大学生の頃、ティーンズポストのレターカウンセラー体験講座を受講した。
活字にまつわる仕事に就きたいと思っていた学生時代、その活字を用いて精神保健的アプローチができればと考えていたように記憶しているが、
この考えはおそらく、センジュ出版の微かな礎になっている。

ここで羊羹の話を聞いた気がするのだが、どうだったか。
とはいえ今現在まで、わたしにとって羊羹理論は自分を形成する大きな要素となっている。

羊羹ひと棹を思い浮かべてみてほしい。
美しいあの箱型、その羊羹の端の一部分が腐っていたら、あなたはどうするだろう。
一部分を切り落とすか、一本丸々捨ててしまうか、腐っていくままにするか、或いは腐っているのも気にせず食すか。

この羊羹が人間の心であったならどうだろう。
自分の中の腐っている部分、見たくない部分、闇を抱えた部分、
それらに対し、あなたは切り落としてしまいたいのか、それがあるゆえに自分ごと生まれ変わりたいのか、見て見ぬふりをしたいのか、或いは気にしないのか。

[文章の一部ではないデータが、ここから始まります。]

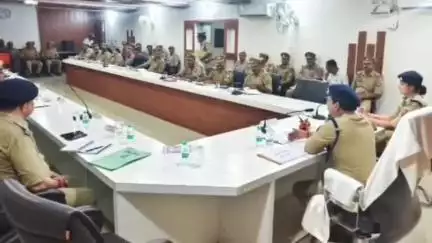 महोबा: पुलिस लाइन सभागार में एसपी ने सैनिक सम्मेलन व समीक्षा बैठक की, त्योहारों पर सतर्कता और अपराध नियंत्रण के दिए निर्देश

講座でわたしが聞いたのは、「人の心は切り捨てられない」というものだった。
心のひと棹の中に、光も闇も存在する。
腐っているからといって、羊羹を切るように、自分の弱さを放ることができない。
だからこそ、自分の中には強さも弱さも同じようにあるということを、
自分自身がまず知り、それを受け入れることが大切だ、という内容だった。

社会に出る前の、20代そこそこのわたしがこの話を聞くことができたのは、
その後の人生において本当にラッキーだった。
どんなに自分の闇を見ようと(当然見たくもなかったし、それがあることで自分を辞めたいと思ったことも少なくないものの)、
羊羹のように切れない、とどこかで理解していたからだ。
その弱さを心底嫌うことはできなかった。
それは他者に対しても同じ想像を働かせることにつながった。

しかし、ここにきて、本当にわたしの心の中は腐っていたんだろうかと考えるようになっている。
もちろん自分の中には、光と闇が相変わらず息づいてはいるのだけれど、
わたしの羊羹はその光と闇を、先日美味しくいただいた天の川羊羹が「琥珀羹」「味甚羹」「小倉羹」と断面ではっきりと分かれていたように、
綺麗に境目があるのだろうかと、疑問に思った。

量子力学の世界ではすでに、素粒子をもっと細かく観察すると、それは粒であり、波であること、そして、人がそれを観察すると粒になり、見ていないときには波であるということを証明している。
アインシュタインが、この量子力学から導き出されたこの非実在性について、「私たちが見ていないときには月が存在しないというのか」と否定した話は有名だ。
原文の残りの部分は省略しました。